In fact, he doubts that most publishers can afford to take "such extreme measures" as abiding by the conditions of Adblock Plus' program, especially when the digital advertising market has been moving toward high production quality ads with rich text and digital video.
And signing a deal with Adblock Plus won't make the problem go away entirely. The Acceptable Ads program has been controversial within the Adblock open-source community as well.
Some people took issue with the concept of opting Adblock Plus users into the whitelist by default, says Schumacher. The controversy split the community after the program was announced in December 2011 and led to the development of Adblock Edge, a version of Adblock that does not support acceptable ads -- or even offer an option for users to opt into such a program.
Other ad-blocker strategies
There are other ad blockers out there that don't monetize using this type of approach.
Some offer pay-what-you-want and/or "freemium" services. For example, the similarly named AdBlock, a competitor to Adblock Plus operated by former Google engineer Michael Gundlach, accepts donations and has no external investors.
Another service called Disconnect offers an add-on by the same name whose primary objective is to block tracking scripts -- but in so doing, it also blocks website ads relayed from third-party advertising networks. Disconnect's co-CEO Casey Oppenheim says his pay-what-you-want business model has taken off, with 3% of users contributing and 20% of new paying users choosing to subscribe annually. (There's also the chance that Disconnect will offer premium for-pay features in the future.) "Online privacy is a mass-market opportunity for the first time," he says. Which may explain why the company has drawn more than $4 million from venture capitalists.

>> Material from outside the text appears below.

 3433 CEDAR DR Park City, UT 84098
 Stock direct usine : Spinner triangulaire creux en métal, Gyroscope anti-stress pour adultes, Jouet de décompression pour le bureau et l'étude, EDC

(Faida at Adblock Plus declined to say how much money its investors have put up, but Schumacher, the biggest investor, says it's less than what Disconnect has raised so far.)
Ghostery, owned by marketing firm Evidon, doesn't block ads by default, but lets users block ads selectively after presenting information about the ads and companies behind them. Evidon's "data donation" business model asks users to opt into its GhostRank panel, which allows Evidon to collect anonymized data on the tracking elements and the webpages that Ghostery users visit.
Countermeasures
There is no historical model publishers can look to in dealing with these issues, says Harold Furchtgott-Roth, a former FCC commissioner who is now a senior fellow and director at the Center for the Economics of the Internet at the Hudson Institute. "In the traditional media markets, the publishers deal with a finite number of content providers. On the Internet you have essentially an infinite number of places to go," he says. If publishers push users with ad blockers too hard, those users -- and their friends -- will just go somewhere else. And with so many choices, he says, users don't care if a publisher goes out of business.